Activation flow for the PFS

The LFS builds a general file system table (GFS) for each PFS and attaches the PFS's initialization entry point. This creates an independent MVS™ task, which is expected to follow these general steps:

Perform any PFS initialization that is necessary.
Load its VFS and vnode operation service routines and build their respective vector tables.
These are the PFS routines that the LFS calls to get such services as mount, open, read, and write. The VFS and vnode operations vector tables make up the major part of the PFS interface.

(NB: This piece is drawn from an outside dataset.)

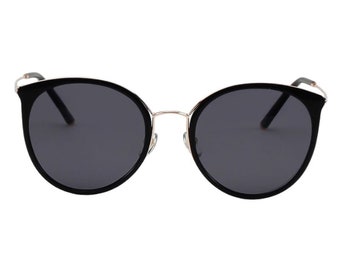 Vintage Round Sunglasses 'Monaco' - Sunglasses Readers - Vintage Sunglasses for Women - Custom Sunglasses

This loading may be done by link-editing the operational routines with the PFS_Init routine.
Save the OSI operations vector table (OSIT) address.
The OSI operations vector table contains the addresses of LFS routines that the PFS uses to get certain services, such as those used to create vnodes.
Pass back to the LFS an 8-byte token that is saved by the LFS and used on all subsequent VFS and vnode operations. This token typically contains the address of the PFS's main anchor block. Its use is optional.
Exchange miscellaneous items of information between the LFS and PFS. Refer to The PFSI structure and the PFSI structure in Interface structures for C language servers and clients for details on the specific information that is exchanged.
Notify the LFS that initialization has finished, by posting the initialization-complete ECB that was supplied.
Wait on the termination ECB, which is also supplied by the LFS. This ECB is posted by the LFS when it is time to terminate the PFS.

Each PFS is initialized synchronously and serially during z/OS UNIX initialization, so that no PFS may go into an extended wait during initialization.

Note: The file system is not available this early in z/OS UNIX initialization. If the PFS_Init routine needs configuration or other information from a file, it must use an MVS data set.